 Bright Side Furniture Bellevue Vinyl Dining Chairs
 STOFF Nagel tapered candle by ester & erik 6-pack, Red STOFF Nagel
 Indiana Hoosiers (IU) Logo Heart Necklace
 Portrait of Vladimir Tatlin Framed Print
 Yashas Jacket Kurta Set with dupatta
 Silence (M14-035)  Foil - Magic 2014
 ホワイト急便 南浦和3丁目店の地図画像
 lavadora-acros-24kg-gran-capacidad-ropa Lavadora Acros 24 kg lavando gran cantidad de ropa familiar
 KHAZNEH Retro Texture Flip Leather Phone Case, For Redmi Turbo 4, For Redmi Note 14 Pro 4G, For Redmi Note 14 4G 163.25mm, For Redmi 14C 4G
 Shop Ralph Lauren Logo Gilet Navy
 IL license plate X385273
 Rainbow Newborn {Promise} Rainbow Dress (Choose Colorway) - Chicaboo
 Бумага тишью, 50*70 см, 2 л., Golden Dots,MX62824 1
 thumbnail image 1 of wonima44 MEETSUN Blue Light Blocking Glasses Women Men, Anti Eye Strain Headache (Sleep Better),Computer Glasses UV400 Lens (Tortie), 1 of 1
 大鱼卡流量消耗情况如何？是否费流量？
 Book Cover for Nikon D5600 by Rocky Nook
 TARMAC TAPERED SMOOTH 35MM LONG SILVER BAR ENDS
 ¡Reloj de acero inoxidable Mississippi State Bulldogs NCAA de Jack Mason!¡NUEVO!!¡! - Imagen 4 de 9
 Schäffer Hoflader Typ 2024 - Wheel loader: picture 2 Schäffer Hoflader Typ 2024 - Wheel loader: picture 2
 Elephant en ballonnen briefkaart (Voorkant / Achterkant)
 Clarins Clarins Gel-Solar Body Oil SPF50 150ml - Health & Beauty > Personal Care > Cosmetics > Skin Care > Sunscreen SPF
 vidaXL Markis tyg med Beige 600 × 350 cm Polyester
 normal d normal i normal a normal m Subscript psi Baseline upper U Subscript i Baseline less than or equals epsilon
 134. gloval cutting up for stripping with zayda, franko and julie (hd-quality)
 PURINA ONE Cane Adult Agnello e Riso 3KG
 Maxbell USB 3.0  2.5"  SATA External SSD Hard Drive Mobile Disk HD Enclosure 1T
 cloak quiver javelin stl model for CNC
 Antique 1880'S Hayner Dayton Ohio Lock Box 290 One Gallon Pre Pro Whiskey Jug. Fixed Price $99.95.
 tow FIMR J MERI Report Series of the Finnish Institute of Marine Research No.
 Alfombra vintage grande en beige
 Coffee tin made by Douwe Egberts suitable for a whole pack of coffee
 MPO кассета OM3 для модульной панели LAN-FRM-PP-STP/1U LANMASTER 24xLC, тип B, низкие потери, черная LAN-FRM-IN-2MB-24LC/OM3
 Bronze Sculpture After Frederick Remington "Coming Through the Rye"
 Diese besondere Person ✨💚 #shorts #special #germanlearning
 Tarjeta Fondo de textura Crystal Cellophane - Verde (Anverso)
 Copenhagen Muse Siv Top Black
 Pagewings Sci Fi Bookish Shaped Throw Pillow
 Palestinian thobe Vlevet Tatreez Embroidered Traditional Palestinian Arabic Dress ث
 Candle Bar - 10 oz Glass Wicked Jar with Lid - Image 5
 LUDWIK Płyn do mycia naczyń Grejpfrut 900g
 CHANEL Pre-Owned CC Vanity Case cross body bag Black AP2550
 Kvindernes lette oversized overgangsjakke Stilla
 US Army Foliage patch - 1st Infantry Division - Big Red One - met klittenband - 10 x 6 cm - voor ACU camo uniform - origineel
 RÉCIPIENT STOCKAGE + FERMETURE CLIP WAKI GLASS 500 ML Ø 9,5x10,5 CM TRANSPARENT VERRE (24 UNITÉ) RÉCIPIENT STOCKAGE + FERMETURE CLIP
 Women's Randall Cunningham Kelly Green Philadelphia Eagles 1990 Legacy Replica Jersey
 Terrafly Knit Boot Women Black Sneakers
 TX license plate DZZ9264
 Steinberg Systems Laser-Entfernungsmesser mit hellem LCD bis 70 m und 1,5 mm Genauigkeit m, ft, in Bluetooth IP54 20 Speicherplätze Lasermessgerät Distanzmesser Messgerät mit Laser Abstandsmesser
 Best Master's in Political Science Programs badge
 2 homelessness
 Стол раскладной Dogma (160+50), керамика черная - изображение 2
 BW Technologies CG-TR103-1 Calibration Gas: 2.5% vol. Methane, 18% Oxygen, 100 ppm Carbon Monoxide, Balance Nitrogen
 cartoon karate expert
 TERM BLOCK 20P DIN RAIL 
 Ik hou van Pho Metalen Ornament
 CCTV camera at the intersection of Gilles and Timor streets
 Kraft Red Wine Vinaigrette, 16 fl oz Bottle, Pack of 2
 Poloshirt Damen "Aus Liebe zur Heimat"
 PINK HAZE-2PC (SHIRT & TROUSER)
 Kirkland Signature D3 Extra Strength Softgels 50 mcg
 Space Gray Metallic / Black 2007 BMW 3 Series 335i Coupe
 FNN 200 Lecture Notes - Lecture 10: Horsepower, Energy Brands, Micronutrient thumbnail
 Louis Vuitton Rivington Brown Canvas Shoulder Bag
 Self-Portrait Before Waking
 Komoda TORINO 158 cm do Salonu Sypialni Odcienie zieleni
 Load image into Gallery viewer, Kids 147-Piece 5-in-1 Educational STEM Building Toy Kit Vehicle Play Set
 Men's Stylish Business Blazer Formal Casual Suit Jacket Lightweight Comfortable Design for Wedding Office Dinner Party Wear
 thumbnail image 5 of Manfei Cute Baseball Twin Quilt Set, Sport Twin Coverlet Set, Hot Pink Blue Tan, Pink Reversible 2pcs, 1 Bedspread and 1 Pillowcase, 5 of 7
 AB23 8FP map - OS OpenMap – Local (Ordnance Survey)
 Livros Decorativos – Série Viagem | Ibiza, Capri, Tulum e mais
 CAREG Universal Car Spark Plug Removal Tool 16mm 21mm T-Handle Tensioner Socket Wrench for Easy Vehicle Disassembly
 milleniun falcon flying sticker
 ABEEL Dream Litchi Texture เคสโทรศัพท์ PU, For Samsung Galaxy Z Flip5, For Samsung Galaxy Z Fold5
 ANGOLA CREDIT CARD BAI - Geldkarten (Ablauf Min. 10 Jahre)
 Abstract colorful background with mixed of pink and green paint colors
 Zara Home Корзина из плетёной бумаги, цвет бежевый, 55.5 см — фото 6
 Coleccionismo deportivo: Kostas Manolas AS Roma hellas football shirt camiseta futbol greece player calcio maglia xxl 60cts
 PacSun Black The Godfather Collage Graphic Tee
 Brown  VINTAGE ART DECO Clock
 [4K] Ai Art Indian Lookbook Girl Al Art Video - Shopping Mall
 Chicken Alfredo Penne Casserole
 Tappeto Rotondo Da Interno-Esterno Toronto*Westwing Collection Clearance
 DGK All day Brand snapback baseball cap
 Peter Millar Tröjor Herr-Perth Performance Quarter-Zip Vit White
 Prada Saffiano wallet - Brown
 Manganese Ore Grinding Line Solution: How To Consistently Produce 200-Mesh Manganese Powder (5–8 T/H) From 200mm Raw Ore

..........

### Exercise goal
Exactly as written, please transcribe the lines from the start of the records above to the line that holds "vidaXL Markis tyg", both ends included.

### Expected answer
 Bright Side Furniture Bellevue Vinyl Dining Chairs
 STOFF Nagel tapered candle by ester & erik 6-pack, Red STOFF Nagel
 Indiana Hoosiers (IU) Logo Heart Necklace
 Portrait of Vladimir Tatlin Framed Print
 Yashas Jacket Kurta Set with dupatta
 Silence (M14-035)  Foil - Magic 2014
 ホワイト急便 南浦和3丁目店の地図画像
 lavadora-acros-24kg-gran-capacidad-ropa Lavadora Acros 24 kg lavando gran cantidad de ropa familiar
 KHAZNEH Retro Texture Flip Leather Phone Case, For Redmi Turbo 4, For Redmi Note 14 Pro 4G, For Redmi Note 14 4G 163.25mm, For Redmi 14C 4G
 Shop Ralph Lauren Logo Gilet Navy
 IL license plate X385273
 Rainbow Newborn {Promise} Rainbow Dress (Choose Colorway) - Chicaboo
 Бумага тишью, 50*70 см, 2 л., Golden Dots,MX62824 1
 thumbnail image 1 of wonima44 MEETSUN Blue Light Blocking Glasses Women Men, Anti Eye Strain Headache (Sleep Better),Computer Glasses UV400 Lens (Tortie), 1 of 1
 大鱼卡流量消耗情况如何？是否费流量？
 Book Cover for Nikon D5600 by Rocky Nook
 TARMAC TAPERED SMOOTH 35MM LONG SILVER BAR ENDS
 ¡Reloj de acero inoxidable Mississippi State Bulldogs NCAA de Jack Mason!¡NUEVO!!¡! - Imagen 4 de 9
 Schäffer Hoflader Typ 2024 - Wheel loader: picture 2 Schäffer Hoflader Typ 2024 - Wheel loader: picture 2
 Elephant en ballonnen briefkaart (Voorkant / Achterkant)
 Clarins Clarins Gel-Solar Body Oil SPF50 150ml - Health & Beauty > Personal Care > Cosmetics > Skin Care > Sunscreen SPF
 vidaXL Markis tyg med Beige 600 × 350 cm Polyester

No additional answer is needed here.